Nolli usa a poesia como arma. Tomara que ele vença a guerra.

Adriana Godoy disse...

Arrasou, Nolli. Fecho os olhos e sinto o poema. Beijo.

cisc o z appa disse...

nolli

a poesia precisa
na imprecisão do corte

abre e não fecha
abre...

bravo!

Sidnei Olivio disse...

Viva a poesia! A mãe de todas as artes.

Hercília Fernandes disse...

Rafael,

eu amei o seu texto. Forte, intenso, incisivo. Nos acorda, remete à reflexão, e contribui para mudança de hábitos.

Adoro dividir página com você. Pois você demonstra ser um escritor de linhas sensivelmente poéticas e apresenta elevada riqueza contextual.

Mas, voltando ao texto, eu adorei o fechamento, destacando-o:


"Esse papel que leio não passa de um monte
de palavras agrupadas em torno do objetivo
de esquecê-la de uma vez por todas.

Fecho o jornal e morro contigo".


Muito bom, poético e incisivo!

Abraços :)
H.F.

Beatriz disse...

Imagens fortes em rajadas de metralhadora. A poesia manifesto, resistência. O livro bom, disse o Maiakóvski é claro, necessário a mim, a vocês, ao camponês e ao . será?

Márcia disse...

que poema, Lucas! que poema! fiquei lembrando a primeira vez que li A Mãe, de Gorki: a mesma emoção, o mesmo estupor, o mesmo silêncio de chumbo pesando por dentro.
bravíssimo, poeta. bravíssimo!
um beijo daqui.

l. rafael nolli disse...

Fico, sinceramente, sem palavras. Agradeço pela leitura e pelos comentários! Abraços!

Felipe Costa Marques disse...

Sem palavras. Sou seu fã, camarada.

Abraços!

flaviooffer disse...
Este comentário foi removido pelo autor.
flaviooffer disse...

Sensacional o poema.
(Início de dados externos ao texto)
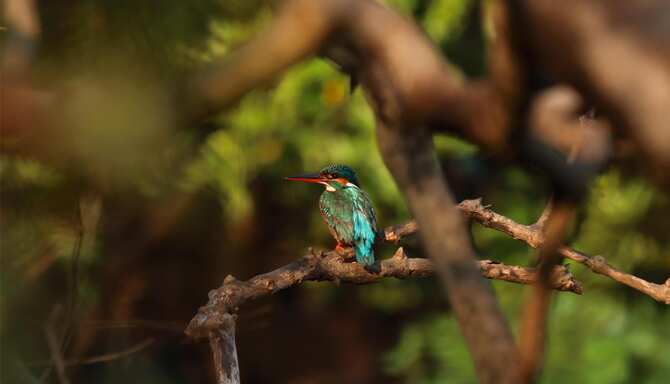 Blog images - 2025 VOL 2 - GettyImages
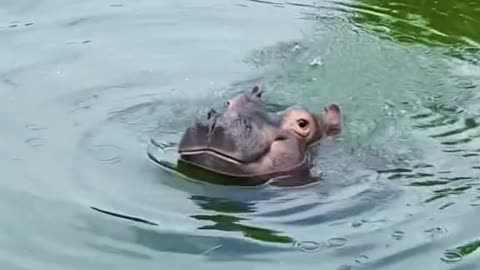 A hippopotamus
Uma reflexão do absurdo da morte, não em seu sentido metafísico, mas na estranheza em que, a maioria de nós, não dá a mínima pelos que caminham conosco. Somos incapazes de enchergar além do próprio umbigo. Esta nossa insistência em não existir e em não deixar o outro existir é o que nos mata. É o que nos faz fechar o jornal e morrer para o mundo, para a realidade. Bravo, meu amigo!

Unknown disse...

Maravilhoso.
Impossível dizer outra coisa depois de ler o poema.